Hi, so after training a network which previously contained ViT and replaced it with GFNet (and added the snippet of code to ensure flexible input size) there was a significant performance drop of around 0.7dB (image-based task) and training was around 2x slower. My understanding was fourier operations were quicker than the standard attention, yet for some reason this isn't the case for me, am I missing something here. Do GFNet-based models require a different training procedure to ViT to match performance?
My experience is that it is useful to add normalization layers before and after the GF layers, which may stabilize the training and improve performance. If you replace the whole self-attention block (qkv projections, matmul, softmax and out project) with a GF layer, the complexity of the model will be largely reduced, which can lead to lower performance.
It is a bit weird that GF layers are much slower than self-attention. Did you directly replace the standard self-attention with our GF layer? From my understanding, low-level vision tasks usually need to process high-resolution feature maps, which makes directly applying self-attention to such features very difficult.
Hi, thanks for your response, I thought I replied to this, but seems I forgot to press the comment button. I did indeed replace standard self-attention with the GF layer. I used the pvt-v2 code and replaced the attention block with the following code:
class GlobalFilter(nn.Module):
def __init__(self, dim, h=14, w=8):
super().__init__()
self.complex_weight = nn.Parameter(torch.rand(h, w, dim, 2, dtype=torch.float32) * 0.02)
self.w = h
self.h = w
def forward(self, x, h,w): #(H,W, images dimensions used for other operations)
B, N, C = x.shape
a = h
b = w
x = x.view(B, C, a, b)
x = x.to(torch.float32)
x = torch.fft.rfft2(x, dim=(1, 2), norm='ortho')
weight = self.complex_weight
if not weight.shape[1:3] == x.shape[2:4]:
weight = F.interpolate(weight.permute(3,0,1,2), size=x.shape[2:4], mode='bilinear', align_corners=True).permute(1,2,3,0)
weight = torch.view_as_complex(weight.contiguous())
x = x * weight
x = torch.fft.irfft2(x, s=(a, b), dim=(2, 3), norm='ortho')
x = x.reshape(B, N, C)
return x
The configuration was the same as PVT relative to the depth, MLP heads etc, just the attention was changed. A norm was used (as per the default configuration of PVT) and is defined as:
x =x +self.drop_path(self.filter(self.norm1(x),H,W))
x = x + self.drop_path(self.mlp(self.norm2(x), H, W))
Should I add another norm layer as such:
x =x + self.norm3(self.drop_path(self.filter(self.norm1(x),H,W)))
I'm not sure what can be done as the approach is conceptually promising but my implementation has the issues disccused Thanks again for your help!
PVT-v2 didn't use the standard attention layer, where self-attention is performed on the downsampled feature maps in the modified attention block.

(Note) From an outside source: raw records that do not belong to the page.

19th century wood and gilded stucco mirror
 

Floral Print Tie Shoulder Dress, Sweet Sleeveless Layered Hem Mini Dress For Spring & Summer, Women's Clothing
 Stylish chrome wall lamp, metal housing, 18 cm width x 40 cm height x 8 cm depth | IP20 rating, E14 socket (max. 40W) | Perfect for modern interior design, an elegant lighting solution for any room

Since the parameters in a single GF layer are much fewer than those in a self-attention layer, it is possible that the performance will drop. It also seems necessary to use normalization layers before and after GF layers according to my experience.
To achieve better performance, I would recommend using our new block in HorNet. You can replace the whole PVT-v2 block (including SA and FFN) with the HorNet block.
Thanks for your response, does HorNet work only on fixed size inputs or is it like PVT which accepts inputs of any size?
You can refer to our models for object detection, which is designed for any input size.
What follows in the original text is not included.